Guardian sport 

Jemma Reekie and Laura Muir storm to Diamond League victories in Stockholm

Jemma Reekie continued a fine season for Britain’s women’s 800m runners while her fellow Scot Muir kicked to a convincing 1500m win
  
  

Jemma Reekie crosses the line in the 800m
Jemma Reekie’s 800m time of 1:57:79 means she now has two of the 10 best times in the world this year. Photograph: Maja Hitij/Getty Images

Jemma Reekie continued a sensational season of 800m running for Britain’s women as she led home four sub-two minute runners at the Diamond League meeting in Stockholm.

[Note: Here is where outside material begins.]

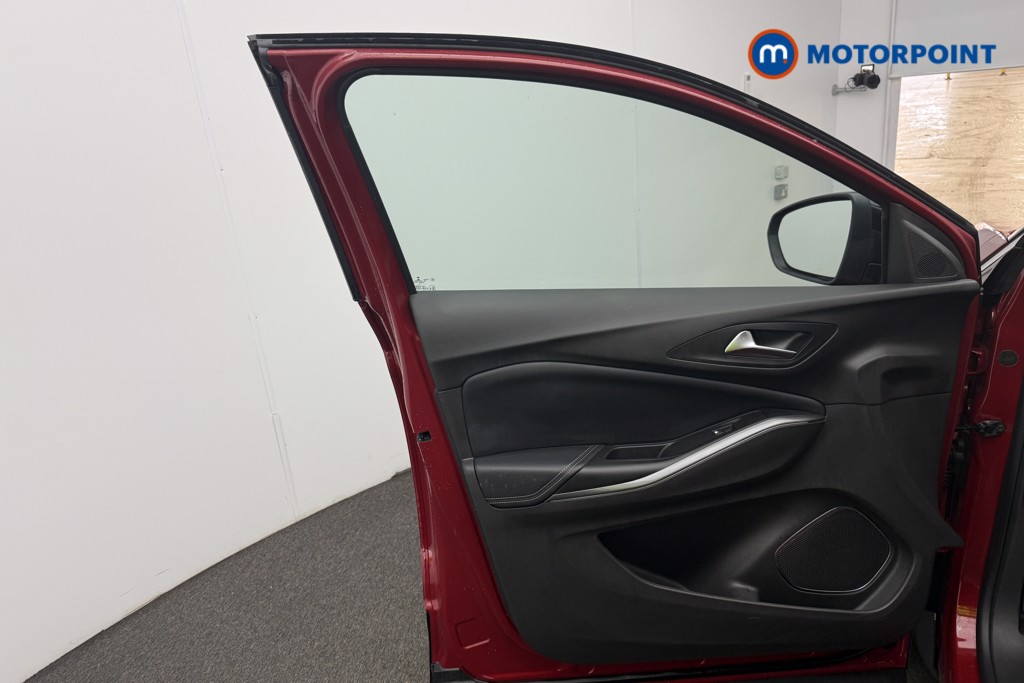 Vauxhall Grandland X Griffin Edition Automatic Petrol SUV - Stock Number (1580593) - 4th supplementary image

Reekie’s run of 1:57:79 means she now has the fourth- and ninth-best times of the year worldwide, in a top-10 list bookended by British runners, with Keely Hodgkinson’s 1:55:78 leading the way in 2024 and 17-year-old Phoebe Gill’s breakthrough run of 1:57:86 in 10th.

In Sweden Reekie finished almost a second clear of Kenya’s Vivian Chebet Kiprotich and a personal best of 1:59:59 from Eveliina Määttänen of Finland, while Ethiopia’s Nigist Getachew also dipped under the two-minute mark.

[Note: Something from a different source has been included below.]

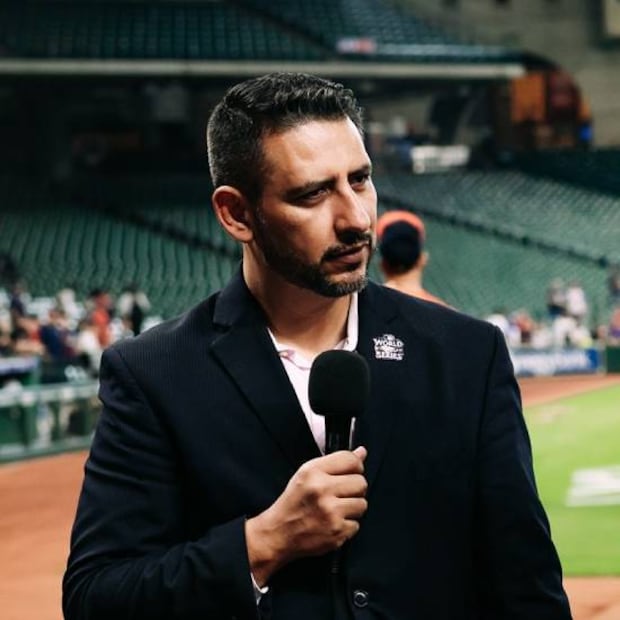 César Procel, comentarista de TUDN, aseguró que lo que dijo del próximo campeonato del América sólo fue una broma. Foto: Especial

Laura Muir provided another British middle distance victory in the 1500m, the class of the field providing a trademark kick to sprint clear from the final bend to win in 3:57:99 ahead of Kenya’s Edinah Jebitok and Australia’s Georgia Griffith.

Quincy Hall and Vernon Norwood made it an American one-two in the men’s 400m, with Hall contributing a season’s best of 44:68 to pip his compatriot’s 44:80. Zakithi Nene of South Africa was third in 45:29.

The home faithful were thrilled by Armand Duplantis’s victory in the men’s pole vault after a gripping head-to-head with Sam Kendricks of the USA. After the pair both cleared 5.90m at the first attempt, they skipped a height and the Swede cleared 6m at the first attempt, with the American unable to follow suit.

In the women’s 200m, Jamaica’s Shericka Jackson won in a season’s best 22.69, with local favourite Julia Henriksson roared on to a personal-best 22.89 in second and Britain’s Amy Hunt in third with 22.92.

In the men’s 800m, the final track event of the evening, Jake Wightman could only manage eighth as he continued his comeback following injuries that scuppered his 1500m world title defence last year. A frantic race was won by Algeria’s Djamel Sedjati in 1:43:23, ahead of Bryce Hoppel of the USA and Botswana’s Tshepiso Masalela, with Wightman’s fellow Britons Ben Pattison and Elliot Giles fourth and sixth respectively.